## Exercise directions
No pictures belong in the copy. Restate the rest of the data exactly.

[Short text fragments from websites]
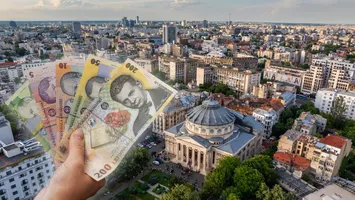 Cum se calculează impozitul pe locuințe în 2026. Care români vor scoate cei mai mulți bani din buzunar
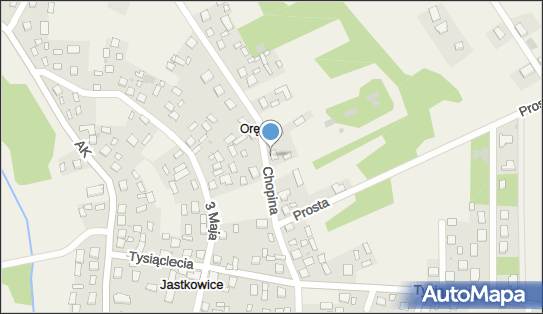 8652316526, Sourcing-Services Piotr Popek 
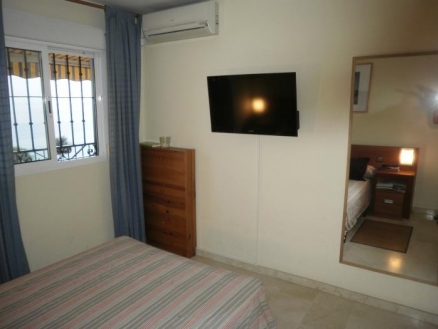 Carvajal&nbsp;property:&nbsp;Carvajal,&nbsp;Spain&nbsp;|&nbsp;Apartment&nbsp;for&nbsp;sale&nbsp;119819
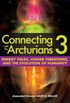 Connecting With The Arcturians 3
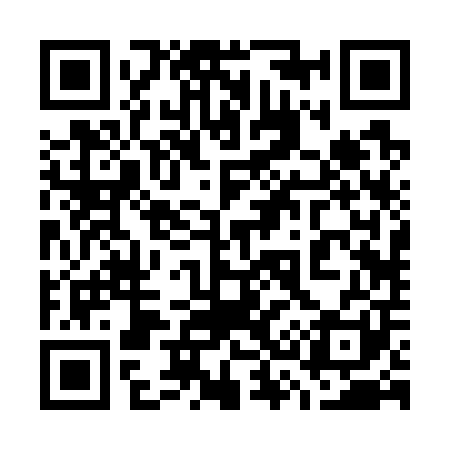 QR code for 732701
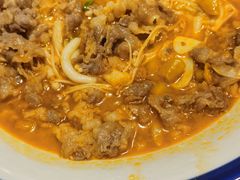 -佳兴饭店(荣川路店)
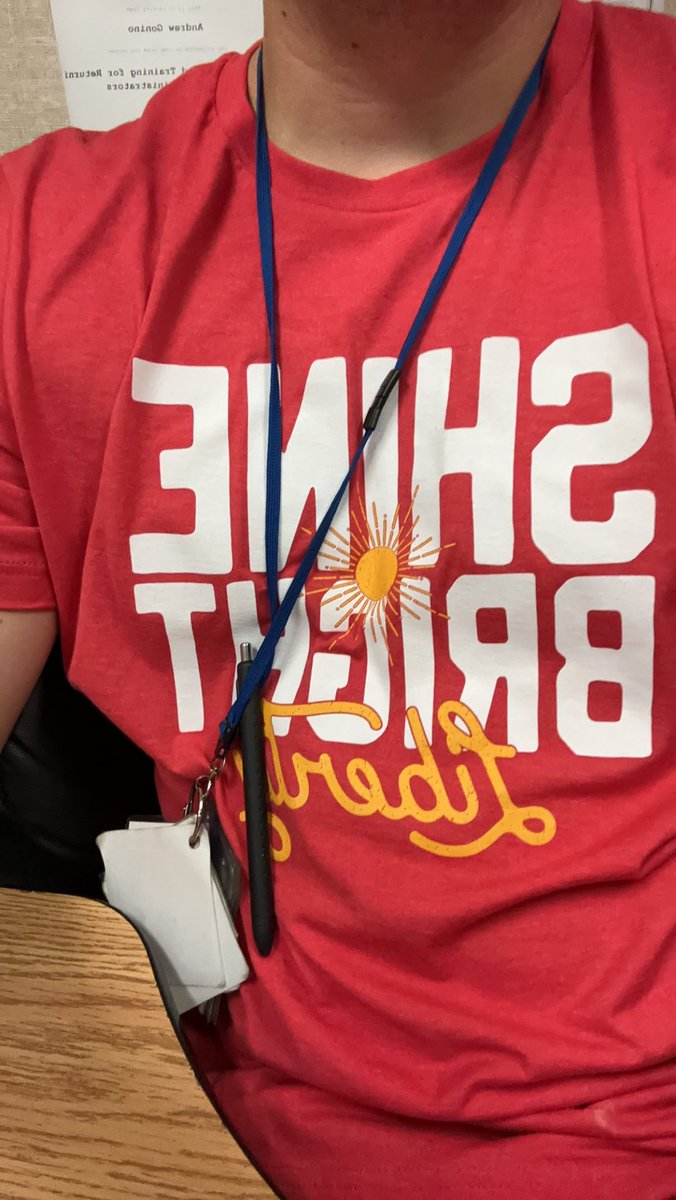 Sam Griffin tweet media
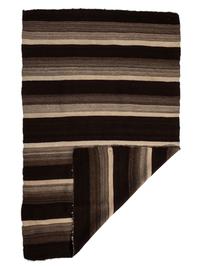 Navajo Regional Weaving / Rug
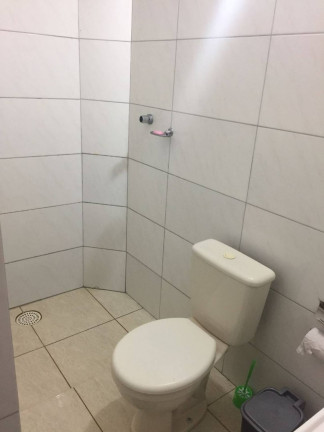 Imagem Casa com 3 Quartos à Venda, 100 m² em Centro - Barra Dos Coqueiros Imagem Casa com 3 Quartos à Venda, 100 m² em Centro - Barra Dos Coqueiros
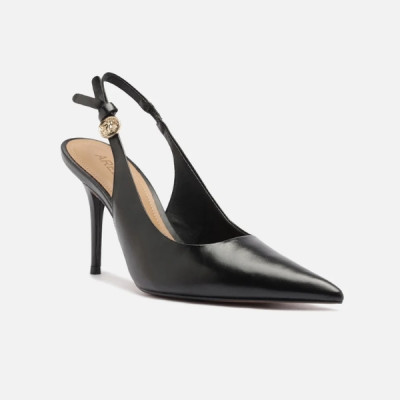 ZAPATO CERRADO TACÓN ALTO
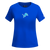 PLAYERA NFL DETROIT LIONS CLASSIC ICON PARA MUJER
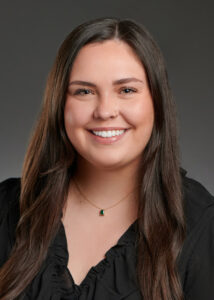 Leah_Gerlach_004-Featured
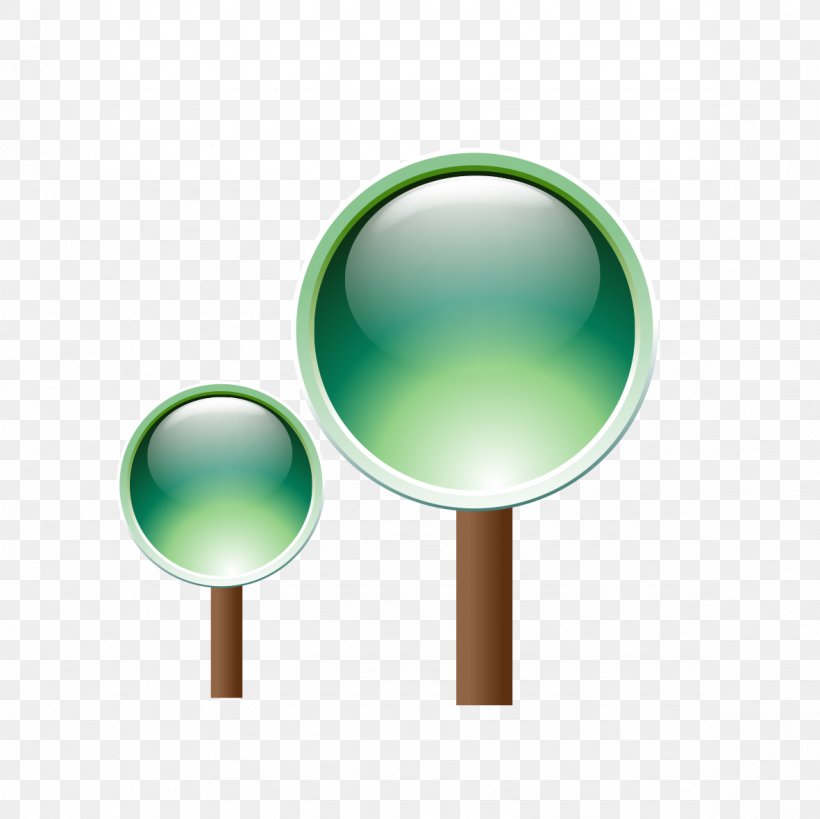 Green Circle, PNG, 1181x1181px, Green Download Free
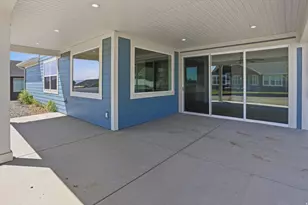 1315 W 3200 S, Perry, UT 84302 - Photo 56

## Task result
 Cum se calculează impozitul pe locuințe în 2026. Care români vor scoate cei mai mulți bani din buzunar
 8652316526, Sourcing-Services Piotr Popek 
 Carvajal&nbsp;property:&nbsp;Carvajal,&nbsp;Spain&nbsp;|&nbsp;Apartment&nbsp;for&nbsp;sale&nbsp;119819
 Connecting With The Arcturians 3
 QR code for 732701
 -佳兴饭店(荣川路店)
 Sam Griffin tweet media
 Navajo Regional Weaving / Rug
 Imagem Casa com 3 Quartos à Venda, 100 m² em Centro - Barra Dos Coqueiros Imagem Casa com 3 Quartos à Venda, 100 m² em Centro - Barra Dos Coqueiros
 ZAPATO CERRADO TACÓN ALTO
 PLAYERA NFL DETROIT LIONS CLASSIC ICON PARA MUJER
 Leah_Gerlach_004-Featured
 Green Circle, PNG, 1181x1181px, Green Download Free
 1315 W 3200 S, Perry, UT 84302 - Photo 56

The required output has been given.